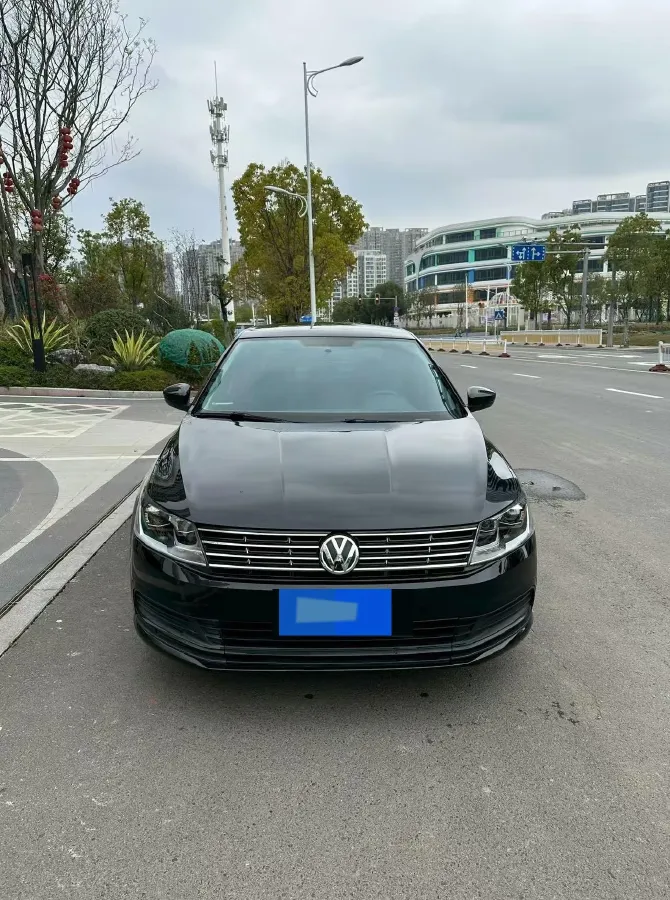 2017 Volkswagen Lavida 1.6L 110HP L4 6AT,autocango,china used car exporter,china ev exporter,chinese used car exporter,chinese used ev exporter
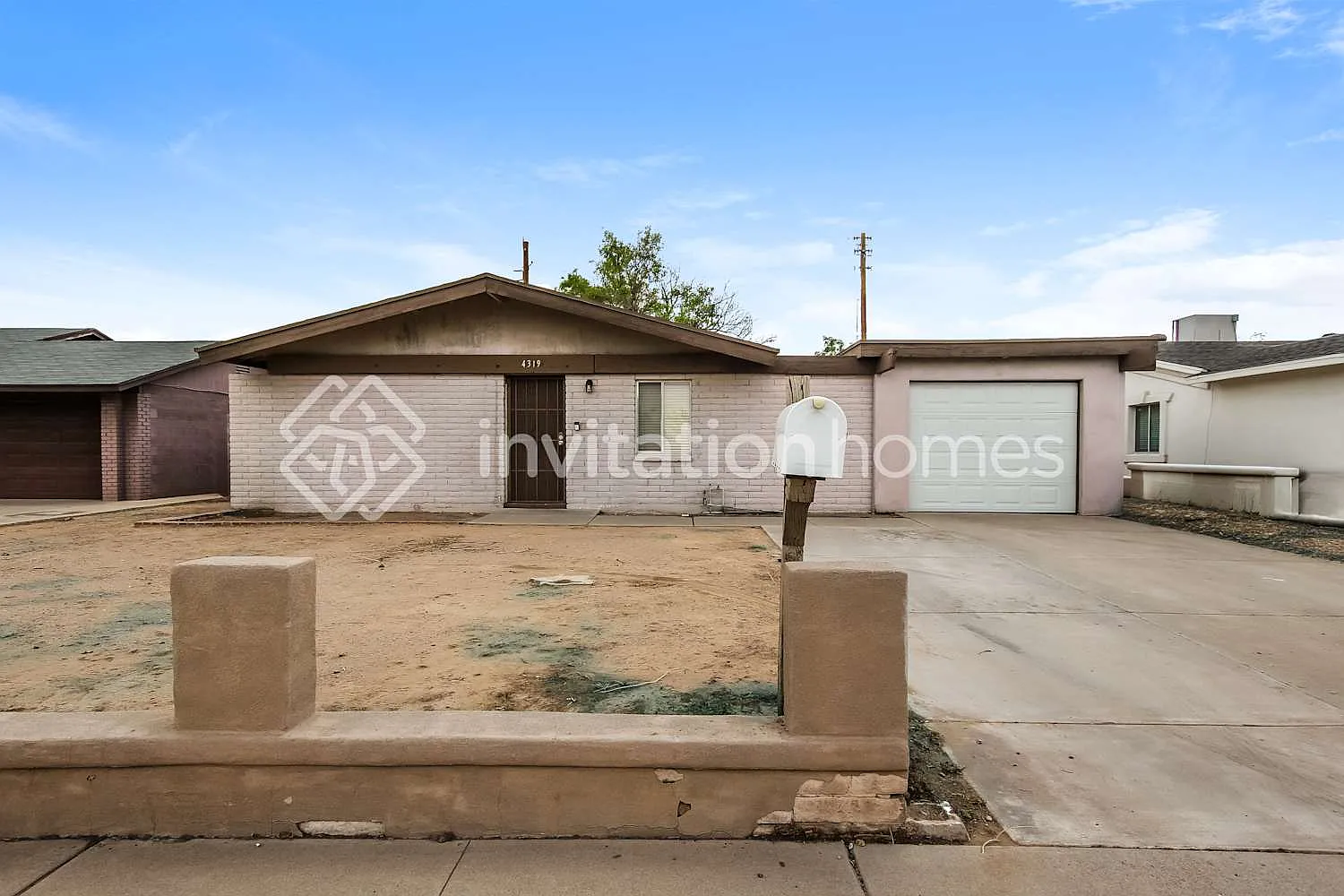 4319 N 79th Dr Phoenix, AZ 85033 — Photo 1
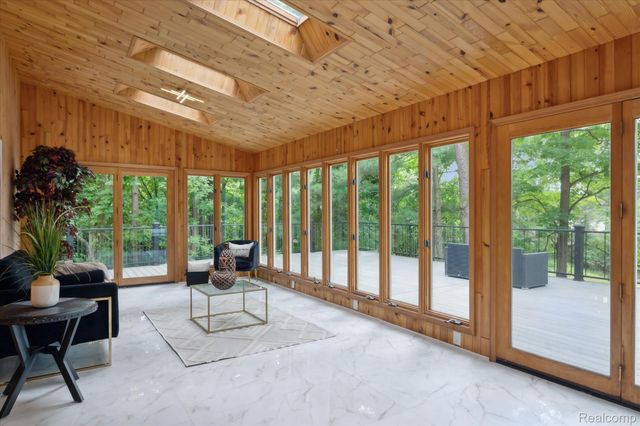 47103 Timberlane Street, Northville, MI 48167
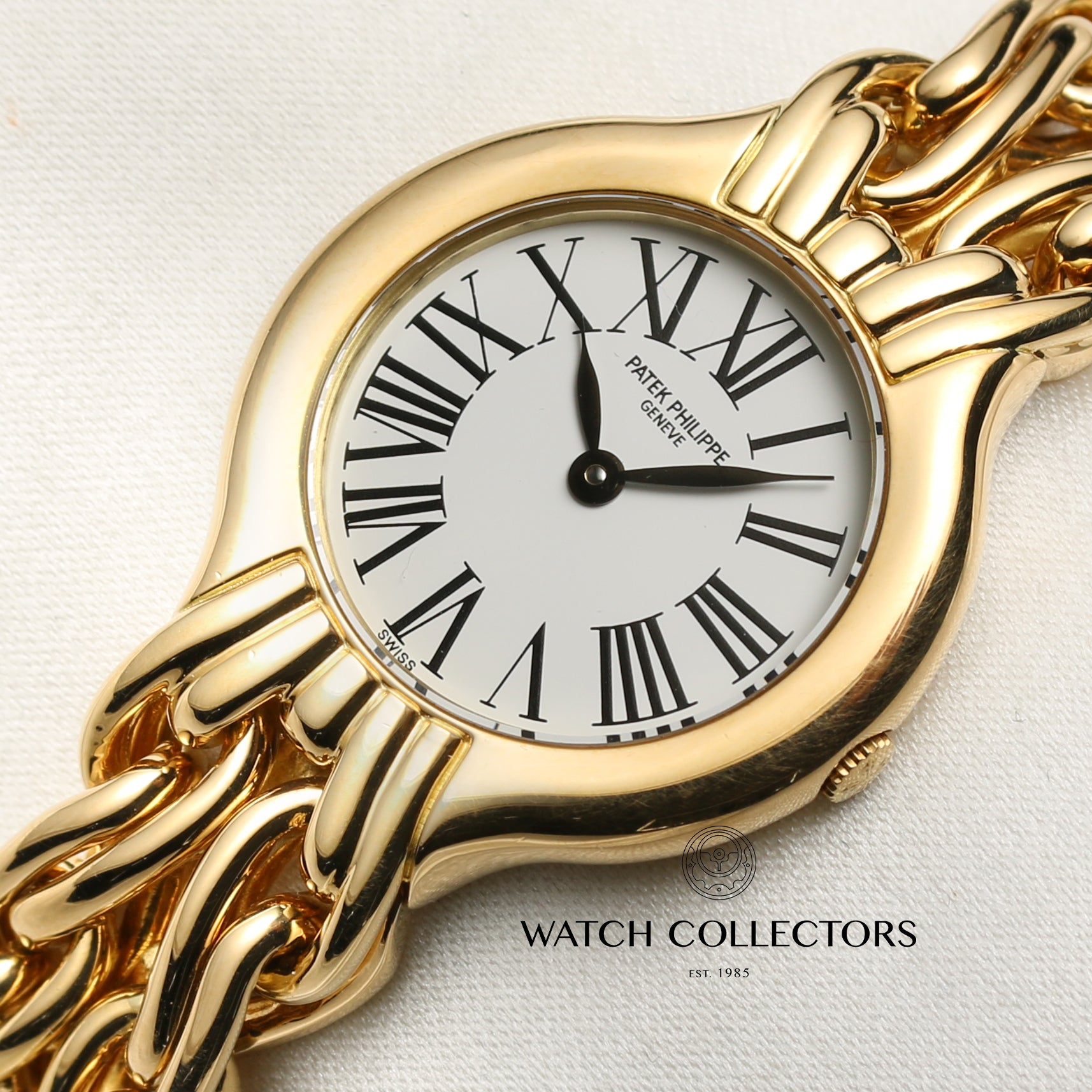 Patek Philippe 18K Yellow Gold Second Hand Watch Collectors 4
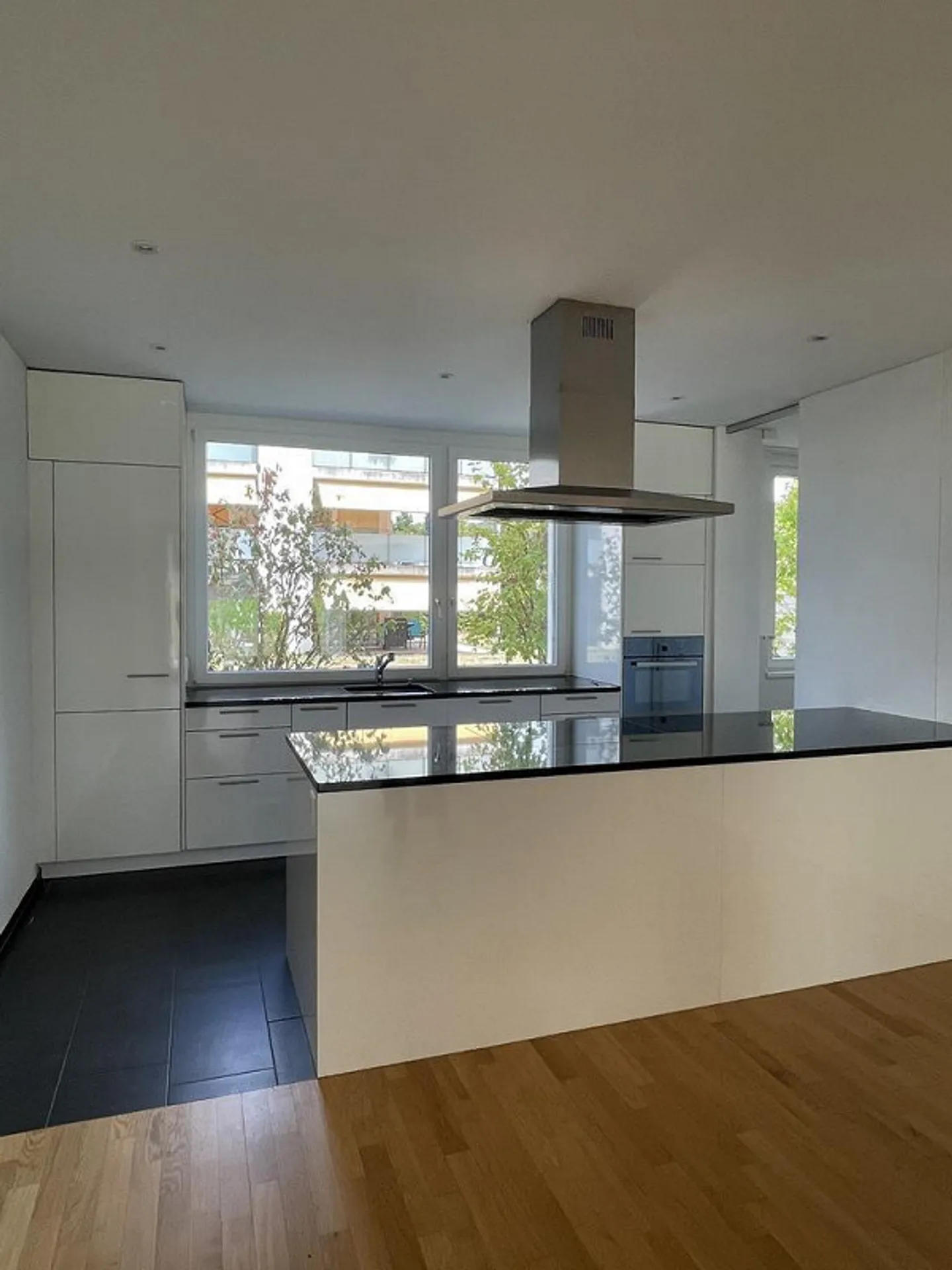Appartement en rez-de-chaussée ensoleillé à louer - Photo 3 sur 9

Work instruction |
Leave out the pictures and print every line of the data exactly.

Exercise answer |
 2017 Volkswagen Lavida 1.6L 110HP L4 6AT,autocango,china used car exporter,china ev exporter,chinese used car exporter,chinese used ev exporter
 4319 N 79th Dr Phoenix, AZ 85033 — Photo 1
 47103 Timberlane Street, Northville, MI 48167
 Patek Philippe 18K Yellow Gold Second Hand Watch Collectors 4
Appartement en rez-de-chaussée ensoleillé à louer - Photo 3 sur 9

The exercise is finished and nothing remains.